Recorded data
****

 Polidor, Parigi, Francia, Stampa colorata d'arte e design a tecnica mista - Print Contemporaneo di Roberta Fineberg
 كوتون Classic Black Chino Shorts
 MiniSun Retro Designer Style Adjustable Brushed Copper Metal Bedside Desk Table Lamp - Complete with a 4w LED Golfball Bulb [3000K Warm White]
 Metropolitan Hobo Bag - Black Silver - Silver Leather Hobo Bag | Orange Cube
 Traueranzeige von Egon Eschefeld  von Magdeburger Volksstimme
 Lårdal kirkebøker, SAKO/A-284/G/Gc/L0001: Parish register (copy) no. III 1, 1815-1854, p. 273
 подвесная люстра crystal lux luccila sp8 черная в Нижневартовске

****

- _To do_
Each line from the one containing "MiniSun Retro Designer" to the last line above must be returned exactly, and no line outside that range.

- _Solution to the exercise_
 MiniSun Retro Designer Style Adjustable Brushed Copper Metal Bedside Desk Table Lamp - Complete with a 4w LED Golfball Bulb [3000K Warm White]
 Metropolitan Hobo Bag - Black Silver - Silver Leather Hobo Bag | Orange Cube
 Traueranzeige von Egon Eschefeld  von Magdeburger Volksstimme
 Lårdal kirkebøker, SAKO/A-284/G/Gc/L0001: Parish register (copy) no. III 1, 1815-1854, p. 273
 подвесная люстра crystal lux luccila sp8 черная в Нижневартовске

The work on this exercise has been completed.